Pada bagian ini juga
dijelaskan sejarah perkembangan ilmu yang dibagi dalam tiga periode pula yaitu
: perkembangan ilmu zaman Islam, kemajuan ilmu zaman Renaisans dan modern serta
kemajuan ilmu zaman Kontemporer. Perkembangan pengetahuan zaman Islam dimulai
sejak peristiwa Fitnah Al-Kubra yang
dimotori oleh Abdullah Ibn Umar dan Abdullah Ibn Abbas. Kemajuan pesat mencapai
puncaknya dizaman pemerintahan Dinasti Umayyah dan Dinasti Abbasiyah. Salah
satu pelopornya adalah Al Mansur yang memerintahkan penerjemahan buku-buku
filsafat Yunani kedalam bahasa Arab. Namun kejayaan Islam ini akhirnya jatuh
dan runtuh hingga mencapai titik terendah pada abad ke-18 M. Kemunduruan ini
oleh Iqbal disebabkan karena diterimanya faham Yunani yang menyatakan bahwa
ilmu itu statis adanya, padahal sesungguhnya ilmu menurut pandangan Islam
adalah sesuatu yang dinamis. Menurut Amin Abdullah ilmu itu selalu mengalami
pergeseran (shifting paradigm) karena merupakan kegiatan histories yang terkait
dengan ruang dan waktu. Zaman renaisans dipelopori oleh salah satunya yaitu N.
Copernicus dan. Copernicus terkenal teori Heliosentris-nya.

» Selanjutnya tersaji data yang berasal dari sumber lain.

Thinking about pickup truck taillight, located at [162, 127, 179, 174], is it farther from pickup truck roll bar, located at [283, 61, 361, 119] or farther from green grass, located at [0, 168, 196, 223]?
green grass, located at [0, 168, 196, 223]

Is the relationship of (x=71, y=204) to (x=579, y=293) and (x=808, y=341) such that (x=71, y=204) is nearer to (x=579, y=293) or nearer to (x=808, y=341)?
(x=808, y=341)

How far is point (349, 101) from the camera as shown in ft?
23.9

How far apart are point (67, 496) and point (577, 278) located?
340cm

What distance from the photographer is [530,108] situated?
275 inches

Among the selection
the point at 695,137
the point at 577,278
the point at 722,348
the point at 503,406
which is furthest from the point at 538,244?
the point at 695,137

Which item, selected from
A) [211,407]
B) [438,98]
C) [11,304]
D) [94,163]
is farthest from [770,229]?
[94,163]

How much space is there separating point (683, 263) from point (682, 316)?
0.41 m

Revolusi pemikiran ini memicu pertentangan antara pemikir dan gereja Katolik
Roma. Akibat revolusi pemikiran ini melahirkan F. Bacon dengan Knowledge is Power-nya, Tycho Brahe
dengan gugusan bintang Cassiopeia-nya,
Y. Keppler dengan ilmu Asronomi-nya,
Galileo dengan ilmu gerak-nya serta
Napier dengan logaritma berbasis e-nya
dan sedert nama lainnya. Perkembangan zaman modern dipelopori oleh I. Newton
dengan teori grafitasi-nya yang
selanjutnya berkembang ilmu kimia yang dipelopori oleh J. Black dengan CO2-nya
sampai pada masa penemuan elektron oleh J.J Thompson yang menggugurkan teori
atom sebagai bahan terkecil yang tidak dapat berubah dan bersifat kekal. Yang
terakhir dijelaskan dalam bagian ini adalah kemajuan ilmu zaman kontemporer
adalah kemajuan ilmu yang kita alami sekarang ini meliputi semua bidang ilmu
dan teknologi. Beberapa diantaranya adalah kajian ilmu sosial keagamaan yang
ditulis oleh Clifford Geertz tentang santri,
priyayi dan abangan. Embryo splitting
technique oleh Jerry Hall, Teknologi Informasi dan lain lainnya.
Bagian ketiga buku ini
menjelaskan tentang Pengetahuan dan Ukuran Kebenaran. Banyak definisi yang
dikemukan dalam buku ini, namun salah satu diantaranya yang menyatakan :
pengetahuan adalah kebenaran. Disepakati bahwa ada empat macam pengetahuan
yaitu pengetahuan biasa (common sense), pengetahuan ilmu (pengetahuan common
sense yang terorganisasi dan sistematis)) dan pengetahuan filsafat serta
pengetahuan agama. Secara teori, hakikat pengetahuan dapat diperoleh melalui
dua pandangan yaitu pandangan realisme dan idealisme. Pengetahuan menurut
pandangan realisme adalah gambaran atau copy dari yang sebenarnya ada dalam
alam nyata, artinya pengetahuan adalah benar dan tepat jika sesuai dengan
kenyataannya, sementara ajaran idealisme menegaskan bahwa pengetahuan yang
benar-benar sesuai dengan kenyataan adalah mustahil, pengetahuan adalah sebuah
proses mental/psikologis yang bersifat subyektif.
Pada bagian ini juga
dijelaskan bahwa ada tiga sumber pengetahuan yaitu secara empiris yaitu melalui
pengalaman. John Locke adalah bapak empirisme dengan teori tabula rasanya.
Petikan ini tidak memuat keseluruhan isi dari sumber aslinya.